Labradas en la piedra de algunos de los edificios que se levantan en el campus de la Universidad Complutense de Madrid se pueden leer hoy inscripciones como “¡Abajo el fascismo!”, “¡Libertad!” y “FUE ¡Viva la Universidad!”. Esos gritos fueron estampados en el invierno de 1947 y es ahora, sesenta años después, cuando se ha sabido quiénes fueron los autores. Pablo Pintado y Riba, entonces alumno de la Facultad de Arquitectura, acaba de dar a conocer públicamente que fue él, en colaboración con Albina Pérez, estudiante de Letras, y Mercedes Vega, de Químicas, quien realizó las pintadas. Esta última tuvo la feliz idea de utilizar como tinta una solución de nitrato de plata en agua. El nitrato de plata resulta visible durante el día, a la luz del sol, pero pasa completamente inadvertido durante la noche, cuando llegaban los operarios de limpieza dispuestos a borrar aquellas pintadas subversivas. Así se explica que las inscripciones burlasen durante tanto tiempo la furia higiénica de los servicios policiales, quienes, por supuesto, no cejaron en su empeño de hacerlas desaparecer. Descubierto el ardid del nitrato de plata y también su pertinaz resistencia a disolverse, se decidió ¡echar mano del pico! La paradoja es que la propia dictadura franquista fue la que labró sobre la piedra aquellos mensajes que deseaba borrar; lo absurdo es que los celosos guardianes de la ortodoxia política en la década de los 40 fueron precisamente quienes permitieron que las pintadas continúen hoy a la vista del paseante atento.
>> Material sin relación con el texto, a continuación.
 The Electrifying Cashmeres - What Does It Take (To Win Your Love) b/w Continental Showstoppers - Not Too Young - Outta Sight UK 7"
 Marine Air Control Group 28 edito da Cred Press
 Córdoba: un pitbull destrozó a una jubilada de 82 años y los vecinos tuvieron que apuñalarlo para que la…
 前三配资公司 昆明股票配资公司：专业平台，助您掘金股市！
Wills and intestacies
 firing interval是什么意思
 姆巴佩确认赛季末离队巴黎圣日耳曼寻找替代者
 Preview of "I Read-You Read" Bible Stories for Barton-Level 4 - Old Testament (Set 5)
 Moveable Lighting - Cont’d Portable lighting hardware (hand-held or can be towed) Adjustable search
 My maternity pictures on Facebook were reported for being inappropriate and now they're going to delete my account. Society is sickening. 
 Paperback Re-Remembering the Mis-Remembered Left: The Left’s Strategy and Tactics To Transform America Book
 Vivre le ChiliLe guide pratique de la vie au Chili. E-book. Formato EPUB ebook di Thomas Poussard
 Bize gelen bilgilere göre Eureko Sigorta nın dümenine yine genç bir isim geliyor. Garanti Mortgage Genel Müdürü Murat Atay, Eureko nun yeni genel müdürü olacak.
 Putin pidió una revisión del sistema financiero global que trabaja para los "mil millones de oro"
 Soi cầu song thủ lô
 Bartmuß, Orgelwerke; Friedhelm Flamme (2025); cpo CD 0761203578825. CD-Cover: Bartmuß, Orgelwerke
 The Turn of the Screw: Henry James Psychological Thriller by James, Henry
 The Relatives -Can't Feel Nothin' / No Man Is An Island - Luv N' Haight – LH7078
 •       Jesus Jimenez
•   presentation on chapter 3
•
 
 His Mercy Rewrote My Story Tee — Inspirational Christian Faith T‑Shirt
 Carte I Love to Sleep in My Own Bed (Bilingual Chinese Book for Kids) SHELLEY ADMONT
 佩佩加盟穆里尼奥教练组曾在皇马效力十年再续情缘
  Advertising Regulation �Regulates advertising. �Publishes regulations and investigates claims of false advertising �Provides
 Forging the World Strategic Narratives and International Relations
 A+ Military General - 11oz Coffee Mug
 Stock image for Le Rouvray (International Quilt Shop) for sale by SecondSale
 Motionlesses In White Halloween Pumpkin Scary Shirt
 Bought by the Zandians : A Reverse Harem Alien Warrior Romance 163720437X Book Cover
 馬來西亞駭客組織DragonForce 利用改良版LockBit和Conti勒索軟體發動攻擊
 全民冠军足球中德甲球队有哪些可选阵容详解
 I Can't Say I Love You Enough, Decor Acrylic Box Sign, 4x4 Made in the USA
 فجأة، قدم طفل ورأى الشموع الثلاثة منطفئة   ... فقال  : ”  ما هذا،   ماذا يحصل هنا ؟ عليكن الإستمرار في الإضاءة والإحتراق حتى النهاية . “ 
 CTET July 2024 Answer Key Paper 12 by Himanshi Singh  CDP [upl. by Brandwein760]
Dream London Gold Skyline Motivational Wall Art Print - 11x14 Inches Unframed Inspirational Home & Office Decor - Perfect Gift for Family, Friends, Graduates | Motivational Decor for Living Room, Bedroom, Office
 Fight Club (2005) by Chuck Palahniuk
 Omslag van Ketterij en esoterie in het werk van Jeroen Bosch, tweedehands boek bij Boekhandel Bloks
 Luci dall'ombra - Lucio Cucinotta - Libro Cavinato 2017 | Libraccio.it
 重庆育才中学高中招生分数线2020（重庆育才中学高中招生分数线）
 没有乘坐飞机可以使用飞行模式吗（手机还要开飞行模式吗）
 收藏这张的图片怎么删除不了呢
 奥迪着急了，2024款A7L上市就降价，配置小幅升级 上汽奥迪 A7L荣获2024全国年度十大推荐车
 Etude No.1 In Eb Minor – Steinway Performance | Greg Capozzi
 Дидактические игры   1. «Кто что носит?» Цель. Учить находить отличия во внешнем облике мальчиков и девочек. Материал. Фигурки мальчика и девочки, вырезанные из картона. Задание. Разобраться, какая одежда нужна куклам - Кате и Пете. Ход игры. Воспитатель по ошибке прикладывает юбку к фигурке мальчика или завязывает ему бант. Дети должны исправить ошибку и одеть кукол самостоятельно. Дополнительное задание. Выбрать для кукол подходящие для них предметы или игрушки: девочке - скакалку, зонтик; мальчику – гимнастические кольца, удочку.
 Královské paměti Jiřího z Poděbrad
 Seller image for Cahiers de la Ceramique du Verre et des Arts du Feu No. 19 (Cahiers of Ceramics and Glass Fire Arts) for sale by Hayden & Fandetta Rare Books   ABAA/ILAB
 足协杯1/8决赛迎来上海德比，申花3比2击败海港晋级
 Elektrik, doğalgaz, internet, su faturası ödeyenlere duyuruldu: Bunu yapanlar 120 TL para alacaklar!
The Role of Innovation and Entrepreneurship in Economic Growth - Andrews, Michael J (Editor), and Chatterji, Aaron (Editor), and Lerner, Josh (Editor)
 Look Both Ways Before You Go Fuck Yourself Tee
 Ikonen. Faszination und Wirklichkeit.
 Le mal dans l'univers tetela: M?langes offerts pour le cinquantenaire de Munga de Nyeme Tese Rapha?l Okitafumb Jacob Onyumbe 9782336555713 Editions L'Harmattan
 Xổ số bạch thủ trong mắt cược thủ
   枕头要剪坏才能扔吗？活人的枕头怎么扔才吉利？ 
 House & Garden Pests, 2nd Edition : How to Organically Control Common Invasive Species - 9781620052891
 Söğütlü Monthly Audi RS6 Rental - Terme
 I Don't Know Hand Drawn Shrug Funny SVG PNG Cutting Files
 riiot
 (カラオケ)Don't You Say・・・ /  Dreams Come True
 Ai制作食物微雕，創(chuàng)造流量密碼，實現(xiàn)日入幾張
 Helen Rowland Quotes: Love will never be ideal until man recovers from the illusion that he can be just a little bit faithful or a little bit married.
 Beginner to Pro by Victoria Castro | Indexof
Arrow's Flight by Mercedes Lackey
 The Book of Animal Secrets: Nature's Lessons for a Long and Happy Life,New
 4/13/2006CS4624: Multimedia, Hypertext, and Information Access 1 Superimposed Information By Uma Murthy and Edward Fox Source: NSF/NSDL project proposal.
Ese paseante que lee las inscripciones a favor de la libertad en los muros de los edificios complutenses quizás celebre la inoperancia de la policía por convertir el gesto de disidencia de tres universitarios en 1947 en un monumento a la memoria de la lucha antifranquista. Y también, quizás, piense por un momento que la anécdota puede ser tomada como un ejemplo de los intentos frustrados de las dictaduras, las habidas y las por haber, de acallar cualquier manifestación de discrepancia con la verdad oficial. El paseante quizás recuerde entonces el caso del escritor Mijaíl Bulgákov, quien el 7 de mayo de 1926 se vio obligado asistir, espantado, al registro que hicieron de su domicilio agentes de la OGPU, frías y aparentemente asépticas siglas con las que fue bautizada la institución heredera de la Checa. Se incautaron del original dactilografiado de Corazón de perro y de los tres cuadernos de su diario con las anotaciones correspondientes a los años comprendidos entre 1921 y 1925. Bulgákov solicitará en vano que le restituyan esos diarios. Sólo en 1929, de forma inesperada -imposible desentrañar las razones-, las autoridades se los devuelven. Bulgákov toma entonces una decisión: quemar aquellas libretas. Hace falta poca imaginación para suponer lo doloroso que tuvo que ser entregar a las llamas aquellos escritos; no obstante, resulta comprensible la determinación de quien había sentido su intimidad violada y, al tiempo, pretendía evitar que volviese a suceder. Pero las impresiones que Bulgákov plasmó en sus diarios no se perdieron en aquella hoguera: han llegado a nosotros ¡gracias a la institución encargada de su censura! Es cierto que el manuscrito se deshizo en cenizas, pero en los archivos secretos de la Lubianka se conservó una copia mecanografiada, probablemente porque era un documento comprometedor, una prueba de cargo que podía ser utilizada en cualquier momento contra su autor. Anotaciones como la que Bulgákov hizo en su diario el 21 de julio de 1924 eran, a ojos de la policía política soviética, inequívocamente subversivas, el tipo de declaraciones que se pagaban con la vida: “En Samara hay dos tranvías. Uno tiene un letrero que dice: ‘Plaza Revolución-Prisión’, y el otro, ‘Plaza Soviética-Prisión’. Algo por el estilo. En otras palabras, ¡todos los caminos llevan a Roma!”.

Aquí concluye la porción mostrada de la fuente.